D’altra parte ci sono le difficoltà per le industrie. La contrazione degli ordini dall’estero a seguito della crisi economica globale e il costo del lavoro più alto hanno indotto molti a delocalizzare ulteriormente nei Paesi del Sudest asiatico; oppure a ricorrere ai trucchetti come quello, appunto, di promettere contributi che poi non sono versati. Ma c’è anche chi chiude la fabbrica all’improvviso e scappa con i soldi, senza pagare i salari arretrati. Insomma, chi paga per il welfare dei lavoratori?
Questa situazione crea una serie di problemi al governo cinese.
Primo. Il modello “fabbrica del mondo” non funziona più. Oggi, chi vuole produrre a basso costo non va più in Cina, bensì in Vietnam, Indonesia e così via.
Secondo. Lavoratori che passano velocemente da un’occupazione all’altra sono estremamente flessibili ma restano a bassa professionalità. In un mondo in cui la capacità di competere producendo merci e servizi ad alto valore aggiunto conta sempre di più, questo inchioda la Cina a un modello arretrato.
Terzo. La fine del vecchio modello genera conflitto e instabilità sociale, il Partito si è giocato buona parte delle proprie chances per il futuro sulla promessa di benessere diffuso.
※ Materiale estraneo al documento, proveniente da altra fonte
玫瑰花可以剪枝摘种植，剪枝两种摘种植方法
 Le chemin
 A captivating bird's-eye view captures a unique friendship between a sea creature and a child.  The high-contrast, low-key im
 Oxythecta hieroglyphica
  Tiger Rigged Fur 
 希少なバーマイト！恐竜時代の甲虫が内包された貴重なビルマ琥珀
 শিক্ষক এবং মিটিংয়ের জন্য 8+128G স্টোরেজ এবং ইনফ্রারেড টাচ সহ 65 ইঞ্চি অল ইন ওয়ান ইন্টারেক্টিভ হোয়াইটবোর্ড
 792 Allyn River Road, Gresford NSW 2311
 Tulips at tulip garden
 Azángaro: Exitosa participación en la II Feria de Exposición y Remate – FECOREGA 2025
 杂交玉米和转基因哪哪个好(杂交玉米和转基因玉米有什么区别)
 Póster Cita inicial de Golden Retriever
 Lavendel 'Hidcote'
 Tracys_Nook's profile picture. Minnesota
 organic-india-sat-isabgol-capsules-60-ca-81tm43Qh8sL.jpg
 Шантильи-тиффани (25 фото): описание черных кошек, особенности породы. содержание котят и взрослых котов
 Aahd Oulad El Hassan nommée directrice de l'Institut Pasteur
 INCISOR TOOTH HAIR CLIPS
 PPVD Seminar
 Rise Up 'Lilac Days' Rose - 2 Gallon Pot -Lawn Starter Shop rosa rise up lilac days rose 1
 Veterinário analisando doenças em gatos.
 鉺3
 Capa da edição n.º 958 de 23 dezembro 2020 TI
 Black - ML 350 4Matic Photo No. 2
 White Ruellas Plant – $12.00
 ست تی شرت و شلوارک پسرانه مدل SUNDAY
Così, la leadership ha varato lo scorso novembre alcune riforme che, attraverso la leva materiale, dovrebbero lentamente creare un modello diverso. Non è ancora chiaro come si farà in dettaglio – in Cina si procede in genere con un modello “scientifico” che adatta le macropolitiche decise a Pechino alle condizioni particolari dei diversi luoghi – ma l’indirizzo è deciso. Sarà dato più welfare con l’allargamento del sistema pensionistico e di quello sanitario. Sarà riformato l’Hukou, consentendo ai lavoratori più movimento a parità di condizioni. Si darà ai contadini più controllo sulle terre che coltivano, mettendoli così nella condizione di poter scegliere tra agricoltura (che dovrebbe anche diventare più efficiente) e lavoro nei centri urbani.
È la strategia per tenere insieme capitale e lavoro, per continuare sulla strada della modernizzazione. Azzardiamo la definizione di “socialdemocrazia alla cinese” e sediamoci in poltrona a osservare, perché segnerà i prossimi 10-20 anni di storia del Celeste Impero. E quindi del mondo.